Murray–Darling Basin
9.4 Runoff to surface water

The volumetric value for the line item for the 2011–12 year was 63,583,187 ML.

The line item represents runoff volumes to surface water within the Murray–Darling Basin (MDB) region.  River losses have not been included in this line item.  They are included in line item 17.10 River and floodplain leakage, evaporation and errors.

Rainfall runoff volumes to surface water within the MDB region are summarised in the following table.

 Details of rainfall runoff to surface water in the MDB region for the 2011–12 year

Water resource plan area	Sustainable diversion limit area		State/Territory	Volume (ML) for the 2011–12 year
	Code	Name
SW19 Warrego–Paroo–Nebine	SS29	Paroo	Qld	19,936,956
	SS28	Warrego	Qld
	SS27	Nebine	Qld
SW18 Condamine–Balonne	SS26	Condamine–Balonne	Qld
SW17 Moonie	SS25	Moonie	Qld
SW11 Barwon–Darling Watercourse	SS19	Barwon–Darling Watercourse	NSW
SW12 NSW Intersecting Streams	SS17	NSW Intersecting Streams	NSW
SW16 Qld Border Rivers	SS24	Qld Border Rivers	Qld	2,158,207
SW15 NSW Border Rivers	SS23	NSW Border Rivers	NSW
SW14 Gwydir	SS22	Gwydir	NSW	3,327,553
SW13 Namoi	SS21	Namoi	NSW	2,672,373
SW10 Macquarie–Castlereagh	SS20	Macquarie–Castlereagh	NSW	4,397,348
Northern Basin				32,492,437
SW9 Lachlan	SS16	Lachlan	NSW	4,567,034
SW8 Murrumbidgee	SS15	Murrumbidgee  NSW	NSW	7,082,066
SW1 ACT	SS1	ACT	ACT
SW7 NSW Murray and Lower Darling	SS18	Lower Darling	NSW	11,685,453
	SS14	NSW Murray	NSW
SW2 Vic. Murray	SS3	Kiewa	Vic.
	SS2	Vic. Murray	Vic.
SW4 Wimmera–Mallee	SS9	Wimmera–Mallee	Vic.
SW5 SA Murray	SS11	SA Murray	SA
	SS10	SA Non-prescribed areas	SA
SW3 Northern Victoria	SS4	Ovens	Vic.	2,867,386
	SS5	Broken	Vic.	4,068,328
	SS6	Goulburn	Vic.
	SS7	Campaspe	Vic.	290,149
	SS8	Loddon	Vic.	401,395
SW6 Eastern Mount Lofty Ranges	SS13	Eastern Mount Lofty Ranges	SA	128,938
	SS12	Marne Saunders	SA
Southern Basin				31,090,750
Whole MDB region				63,583,187

 

Rainfall runoff volumes were based on hydrological boundaries of river catchments within the region.  These volumes were not available individually for some of water resources planning areas. Therefore, the volumes were provided in the above table individually for some of the water resource plan areas and as clusters for the others.

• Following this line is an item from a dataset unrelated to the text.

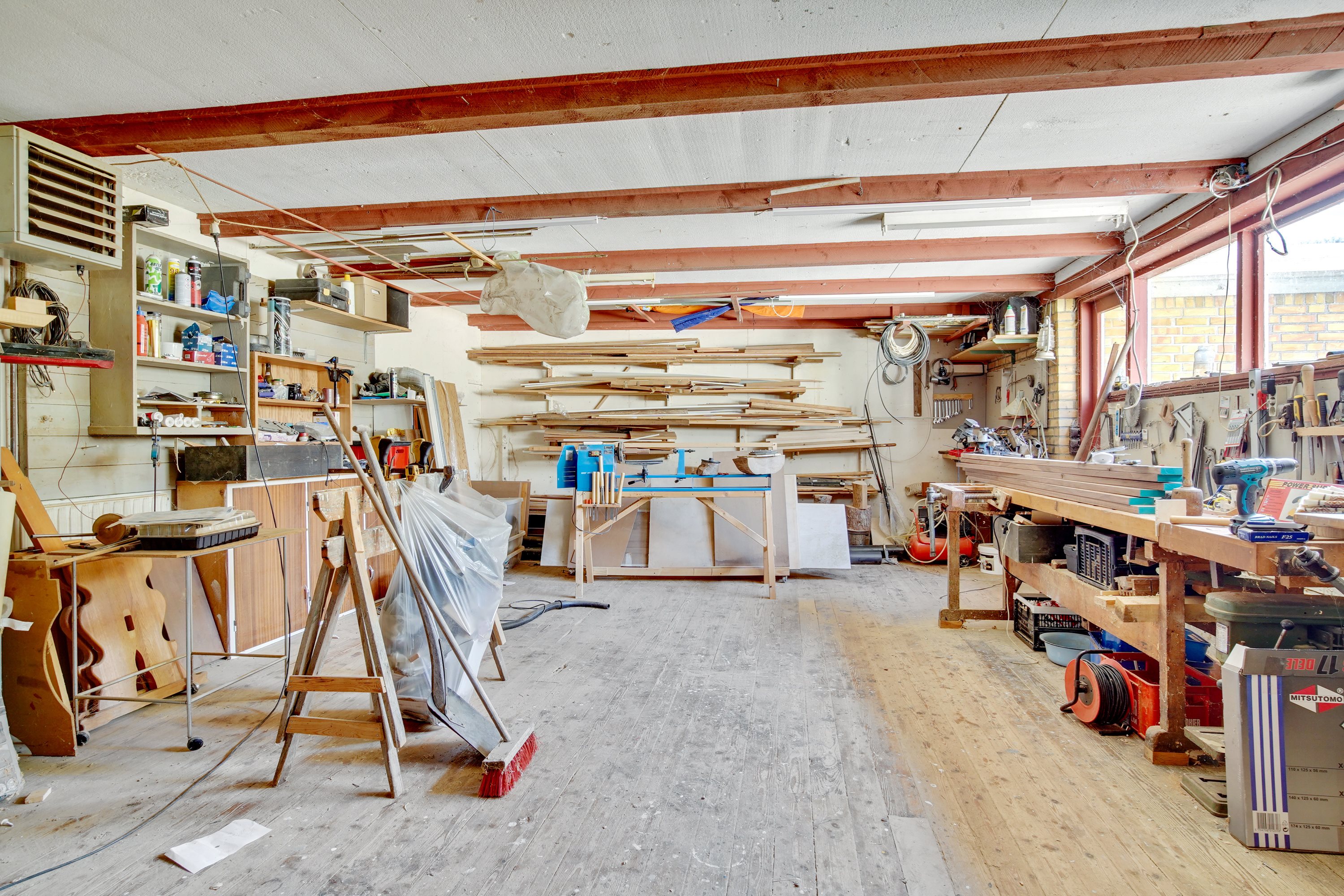 Fremhævet værksted billede i fuldskærmstilstand. Billede af Brøndenvej 11, 9750 Østervrå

(1) Bureau of Meteorology (the Bureau): (a) National Climate Centre (NCC) daily climate grids (rainfall, temperature and solar radiation) and (b) Australian Hydrological Geospatial Fabric (AHGF) waterbody feature class; (2) Commonwealth Scientific and Industrial Research Organisation (CSIRO): (a) Australian water resources assessment system landscape model (AWRA-L) model parameters and (b) CSIRO monthly climatological average radiation grids data; and (3) Geoscience Australia: MDB human-made waterbody feature class.

The Bureau.

Rainfall runoff to surface water was estimated based on the AWRA-L version 2.0.0 (Van Dijk 2010) model outputs.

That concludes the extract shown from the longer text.